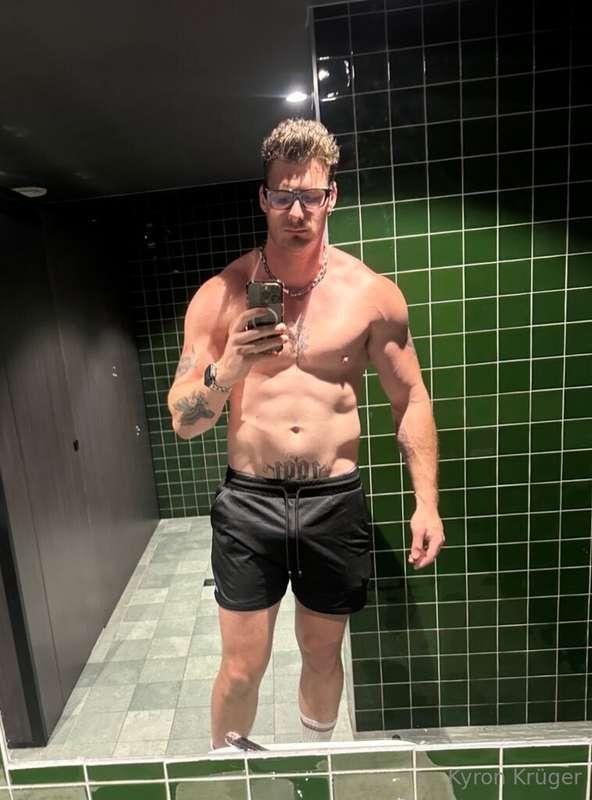 If you saw me at the gym, would you help me stretch… or make..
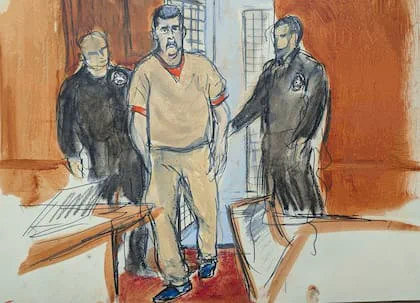 Dibujo de un hombre con uniforme beige escoltado por dos oficiales dentro de una sala judicial.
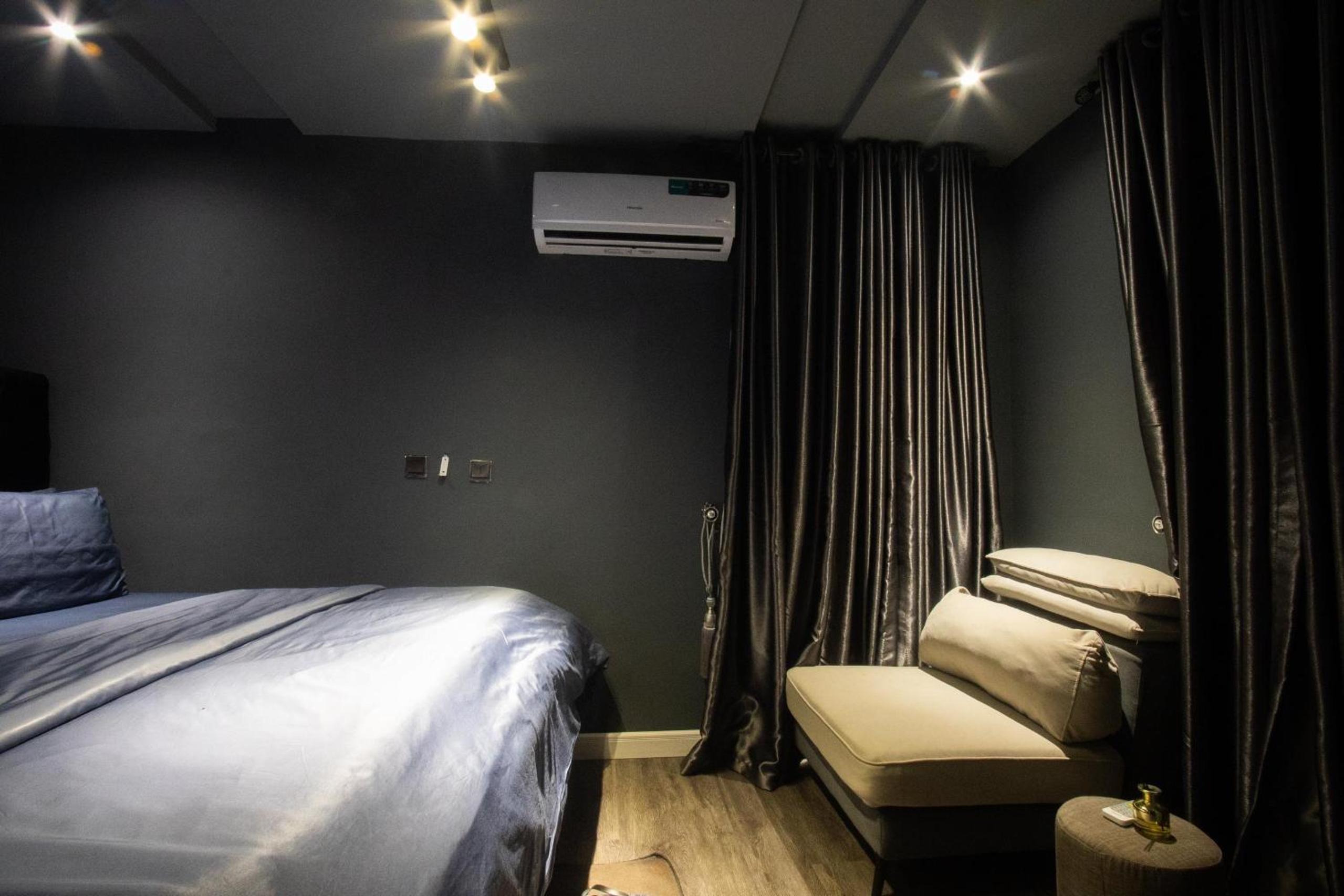 Luxury 2 Bed Dark Room in Lekki Phase 1 view 2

--------------------------------

Set down word for word the lines beginning with the one containing "Dibujo de un" and ending with the last line of the listing, inclusive. Omit every picture.

 Dibujo de un hombre con uniforme beige escoltado por dos oficiales dentro de una sala judicial.
 Luxury 2 Bed Dark Room in Lekki Phase 1 view 2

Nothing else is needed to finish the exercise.